Mais cette galerie de portraits serait incomplète si l’on n’y rencontrait la haute figure de Joseph Balsamo, alias Cagliostro qui prétendit que ses « connaissances » alchimiques lui avaient été enseignées à Naples, par « un Prince qui avait une grande passion pour la chimie ».
Certains avancent que le système des Arcana Arcanorum dit « Échelle de Naples », en vigueur dans les hauts grades du rite égyptien de Misraïm aurait été transmis au « Grand Cophte » dans les milieux occultistes napolitains. Plus vraisemblablement, c’est aux inventeurs du rite de Misraïm, les frères Bédarrides qui servaient dans l’armée de Joachim Murat devenu roi de Naples sous l’Empire, que l’on doit, sinon l’invention, du moins la transmission de ces mystérieuses arcanes qui continuent de faire couler et feront encore couler beaucoup d’encre.

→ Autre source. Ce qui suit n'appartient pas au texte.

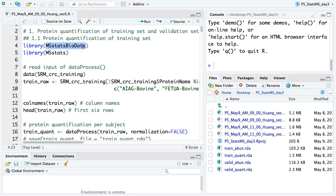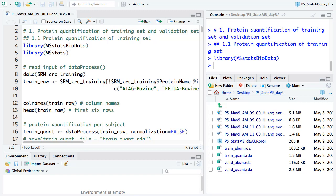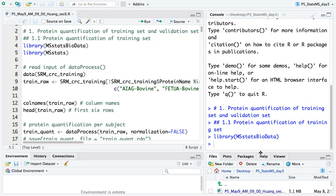We need to load the MSStatsBioData package and then load the pre-processed peak intensity data for colorectal cancer. If you don't have the MSStatsBioData package, open your browser and search for 'Bioconductor MSStatsBioData.' The first link is the package page. You can copy the install code from there and run it in RStudio. If you have a problem with the package, please put the pink note up.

Et pas que de l’encre. Dans les loges de Naples, quand on porte des santés, c’est parfois en faisant couler dans les verres, le fameux Lacrima Christi. Les vins du Vésuve, déjà appréciés à l’époque romaine sont issus de vignobles situés sur les pentes du volcan. Au fil des siècles, la renommée de ce vin s’est assise sur la légende selon laquelle « Dieu reconnaissant dans le golfe de Naples un lambeau du ciel arraché par Lucifer pendant sa chute vers les enfers, pleura et là où les larmes divines tombèrent surgit la vigne du Lacrima Christi ». Curzio Malaparte dans son roman La peau rappelle cette légende en invitant à boire questo sacro, antico vino. Ce vin est donc autant ancré dans l’histoire napolitaine que les mystères attachés à l’histoire de l’art royal dans cette ville fascinante.